Work instructions — Exact retyping of the data: please keep every word and drop each picture.

Exercise data —
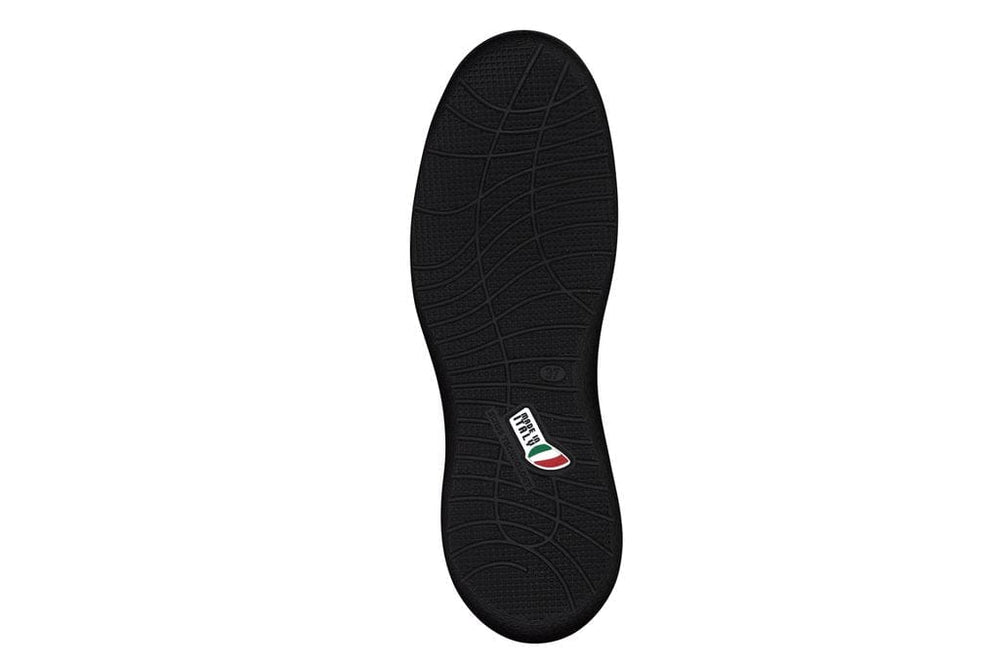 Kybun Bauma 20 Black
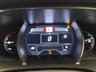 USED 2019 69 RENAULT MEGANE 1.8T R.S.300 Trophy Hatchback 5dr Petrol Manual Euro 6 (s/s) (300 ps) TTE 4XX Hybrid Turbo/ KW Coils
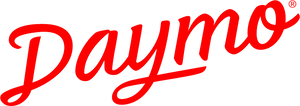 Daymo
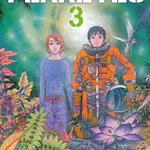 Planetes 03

Response to this task —
 Kybun Bauma 20 Black
 USED 2019 69 RENAULT MEGANE 1.8T R.S.300 Trophy Hatchback 5dr Petrol Manual Euro 6 (s/s) (300 ps) TTE 4XX Hybrid Turbo/ KW Coils
 Daymo
 Planetes 03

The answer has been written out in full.